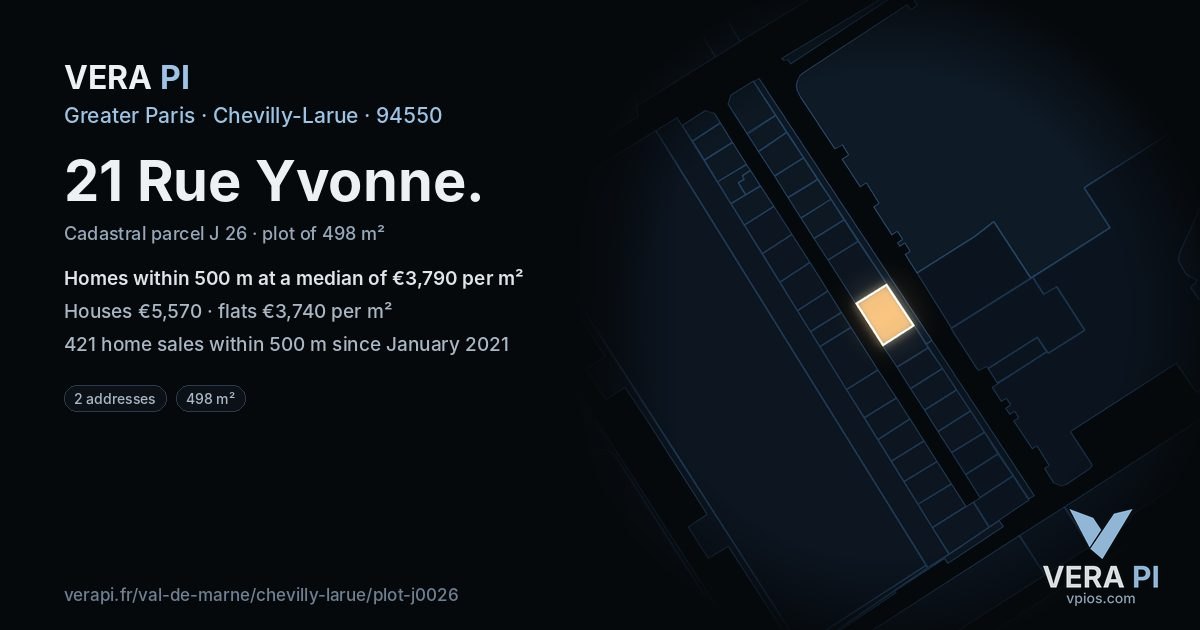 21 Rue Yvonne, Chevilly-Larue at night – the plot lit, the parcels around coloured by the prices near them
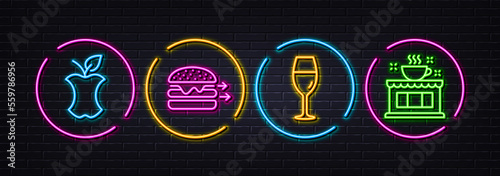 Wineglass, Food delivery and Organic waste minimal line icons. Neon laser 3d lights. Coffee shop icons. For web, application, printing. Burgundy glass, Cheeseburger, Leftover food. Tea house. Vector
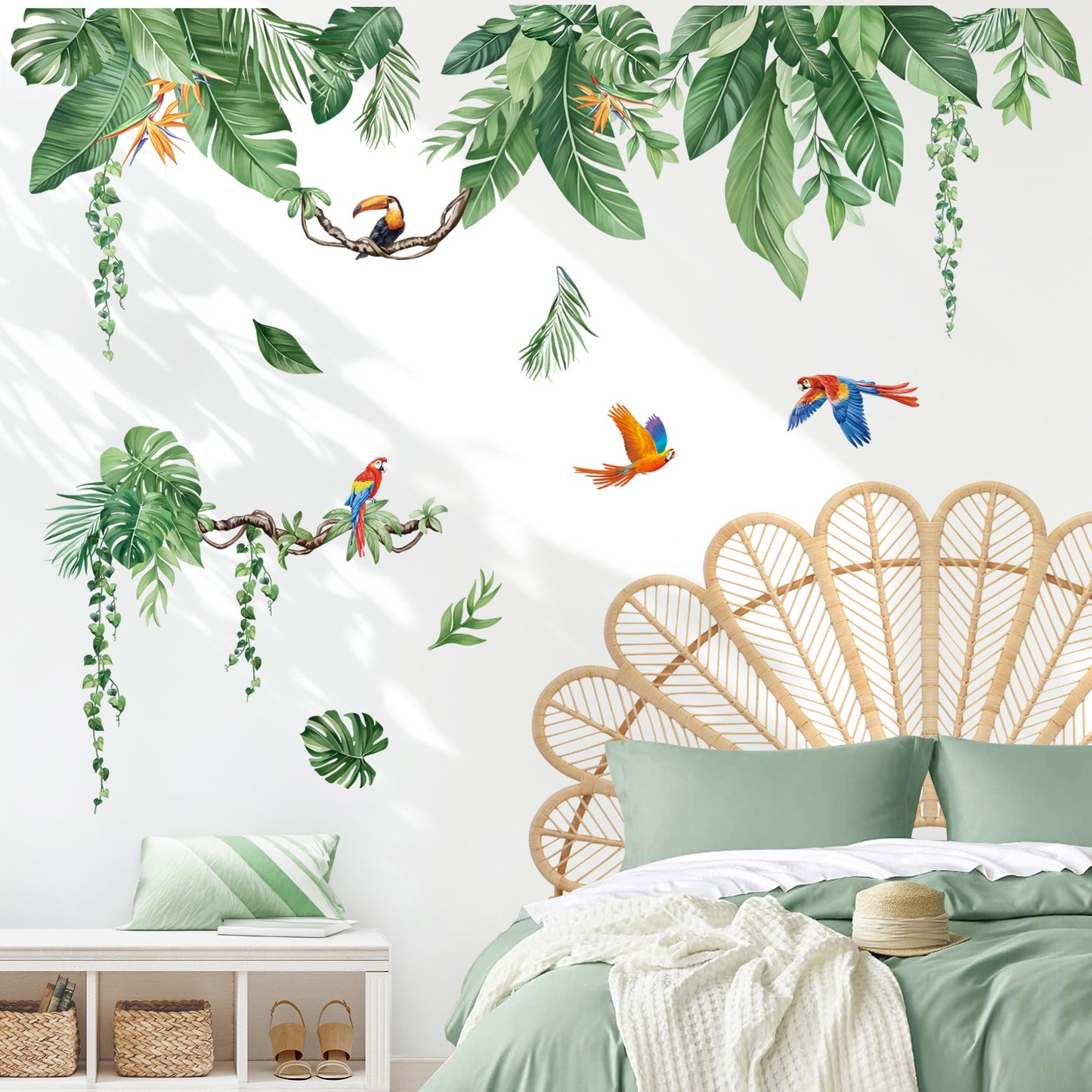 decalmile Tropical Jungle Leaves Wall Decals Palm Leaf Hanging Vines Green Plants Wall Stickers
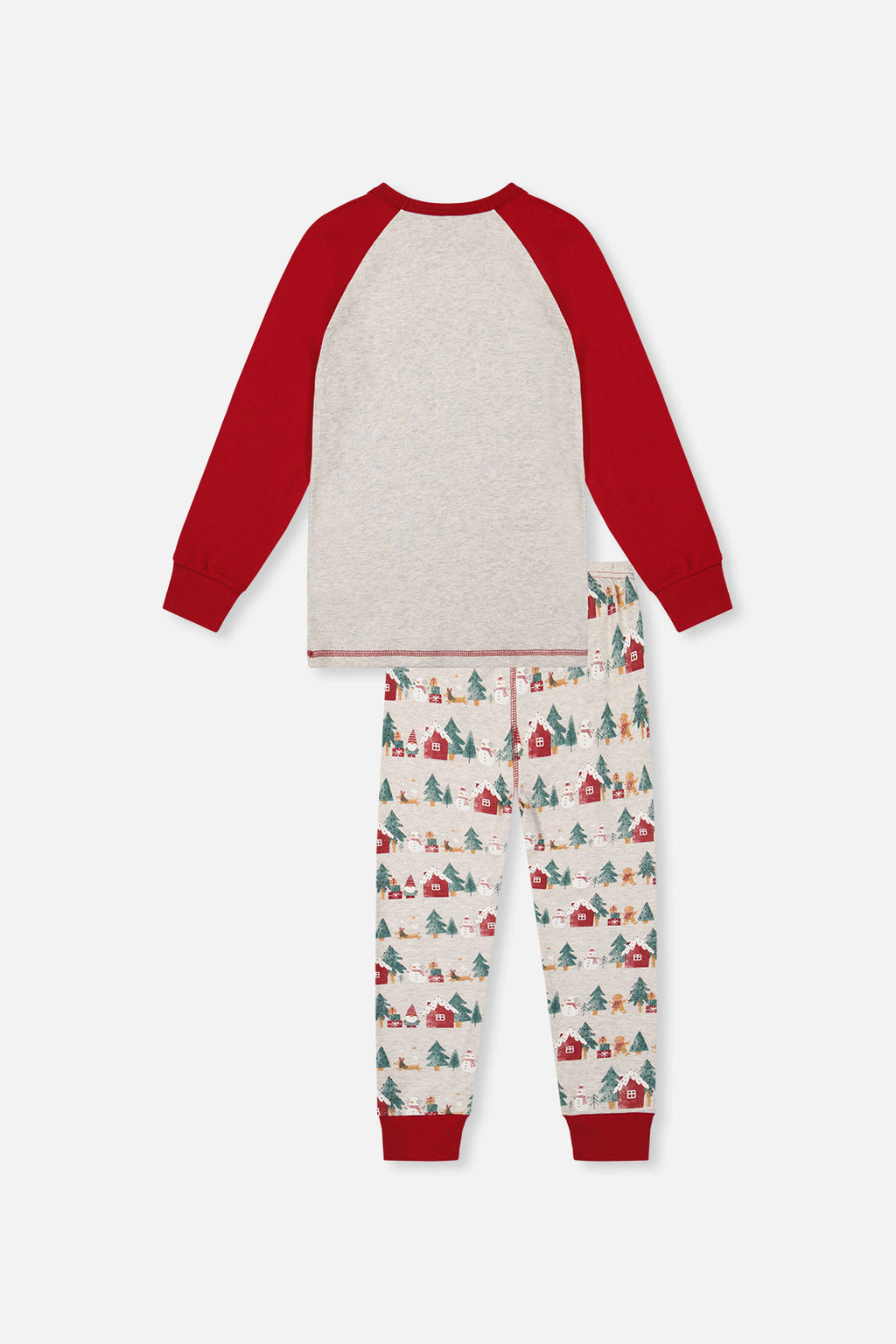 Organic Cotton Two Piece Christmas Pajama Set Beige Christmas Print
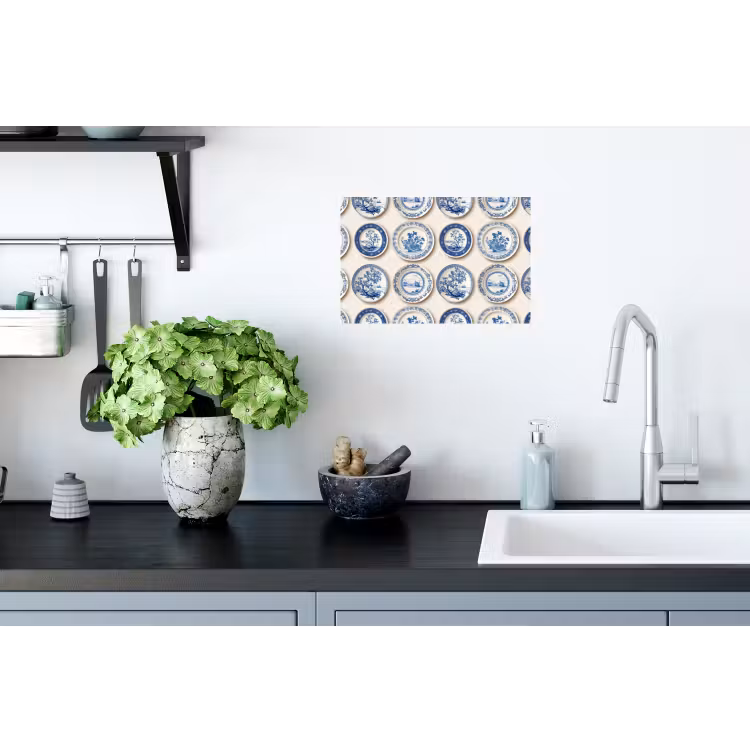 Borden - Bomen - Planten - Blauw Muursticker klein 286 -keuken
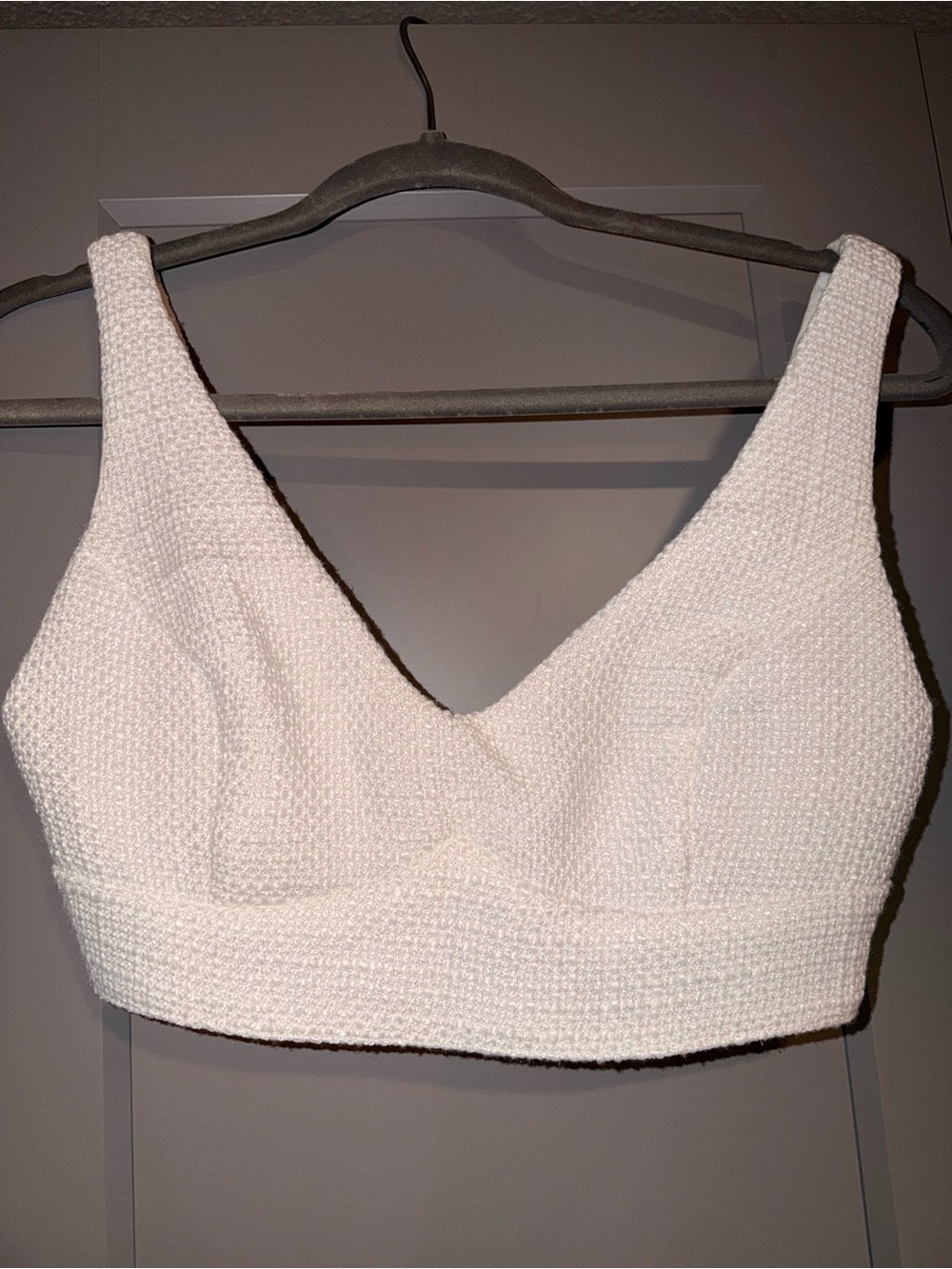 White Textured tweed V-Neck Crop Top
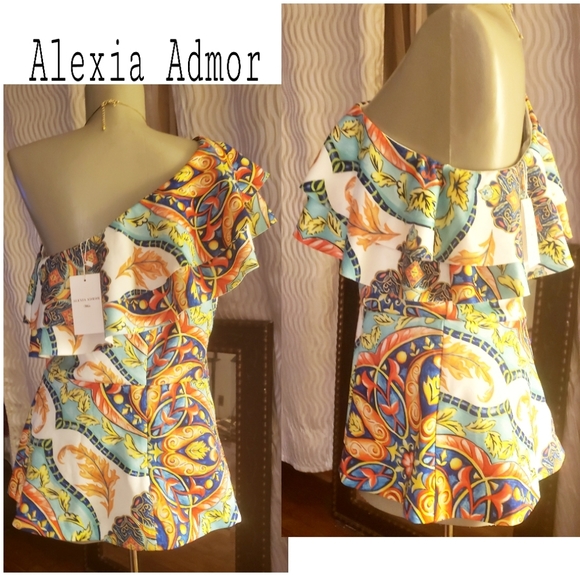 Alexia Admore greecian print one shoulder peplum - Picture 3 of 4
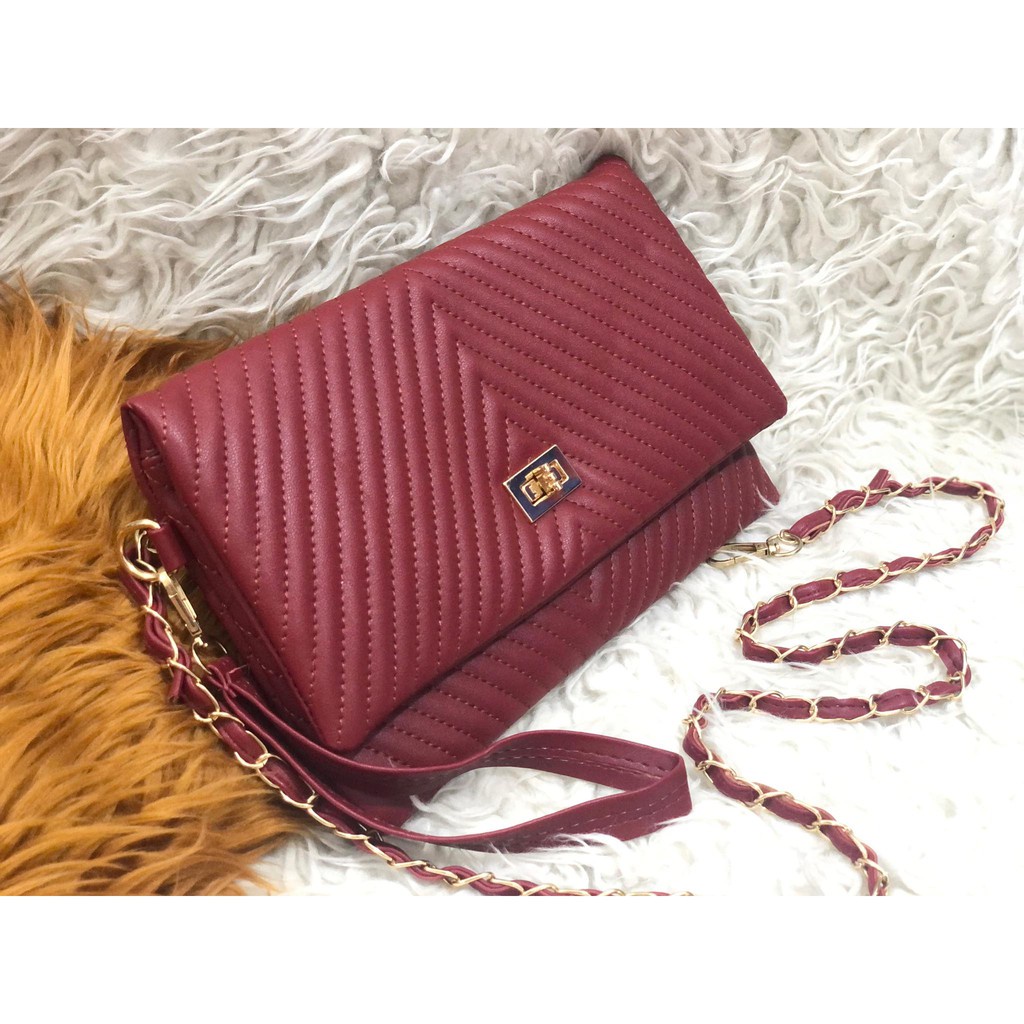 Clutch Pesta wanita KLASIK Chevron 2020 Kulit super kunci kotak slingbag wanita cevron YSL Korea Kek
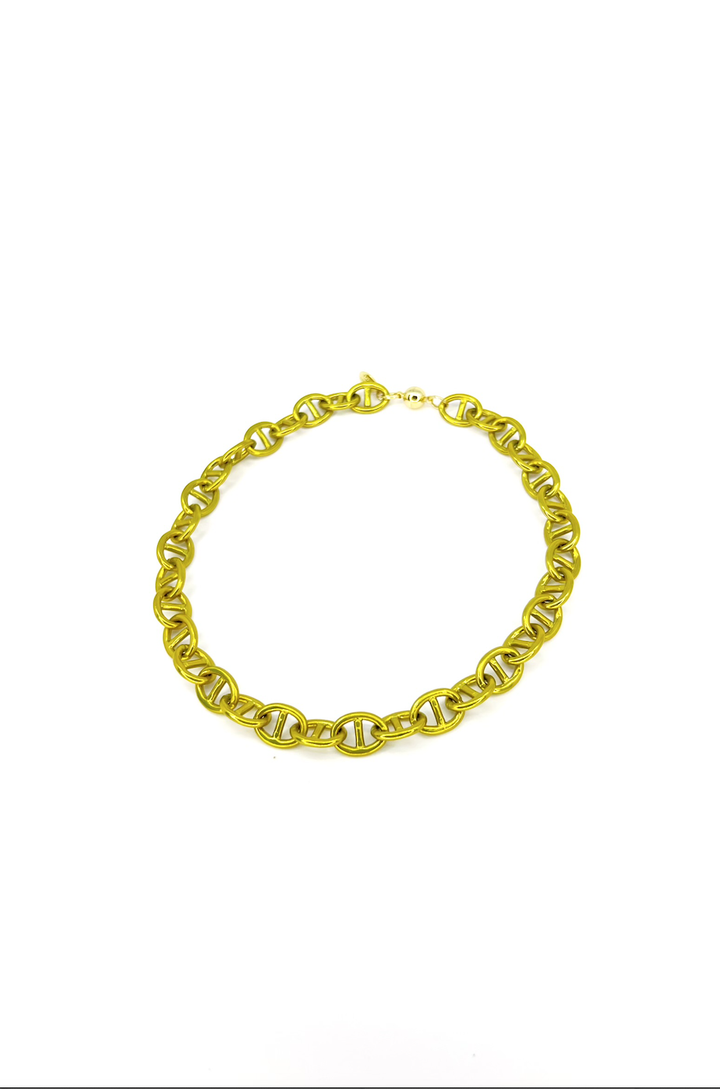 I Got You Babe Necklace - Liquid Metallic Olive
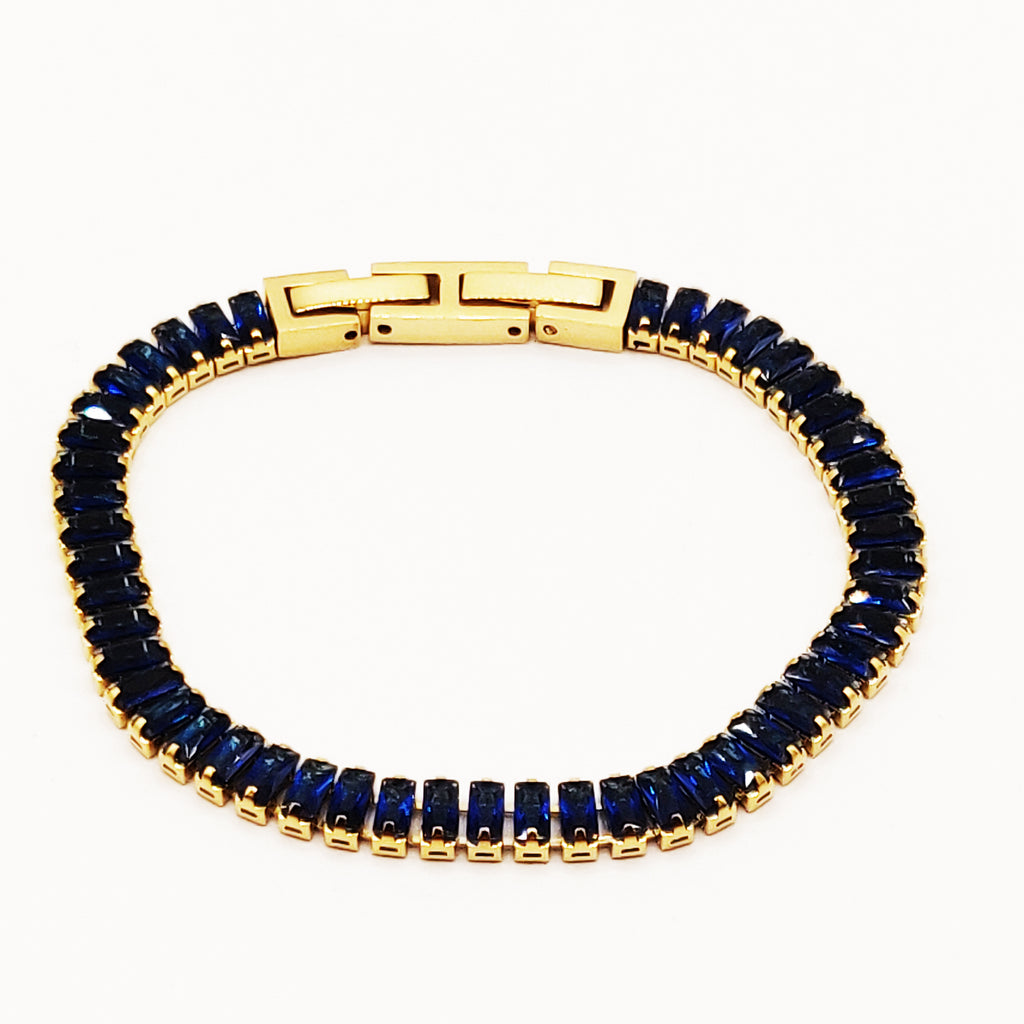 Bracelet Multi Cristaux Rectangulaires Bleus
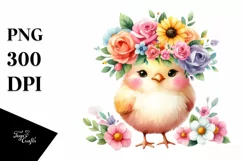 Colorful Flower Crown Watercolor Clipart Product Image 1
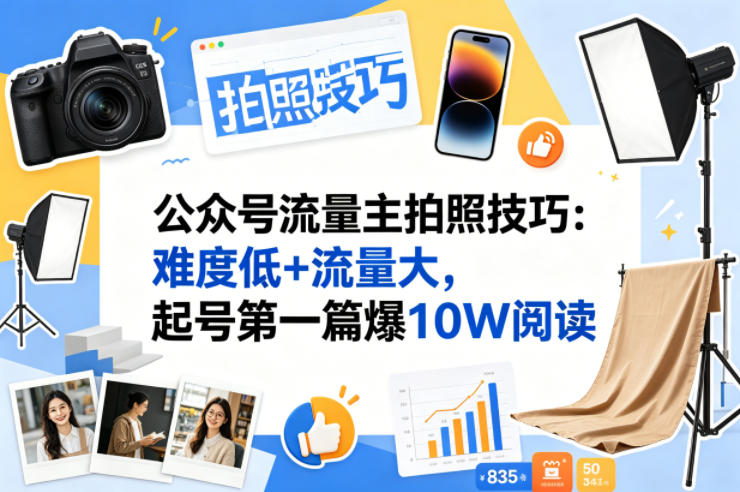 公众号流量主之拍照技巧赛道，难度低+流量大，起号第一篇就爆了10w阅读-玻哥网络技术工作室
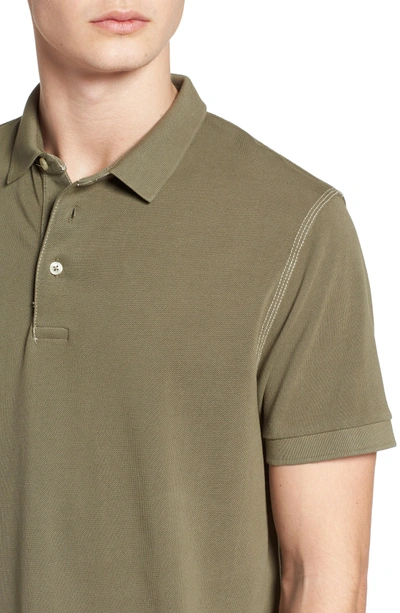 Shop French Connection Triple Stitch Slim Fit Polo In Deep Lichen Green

- - - -

Work instruction:
The result is an exact copy of the lines from the one holding "Colorful Flower Crown" through the final line of the data above, both ends included, minus the pictures.

Solution to the problem:
 Colorful Flower Crown Watercolor Clipart Product Image 1
 公众号流量主之拍照技巧赛道，难度低+流量大，起号第一篇就爆了10w阅读-玻哥网络技术工作室
 Shop French Connection Triple Stitch Slim Fit Polo In Deep Lichen Green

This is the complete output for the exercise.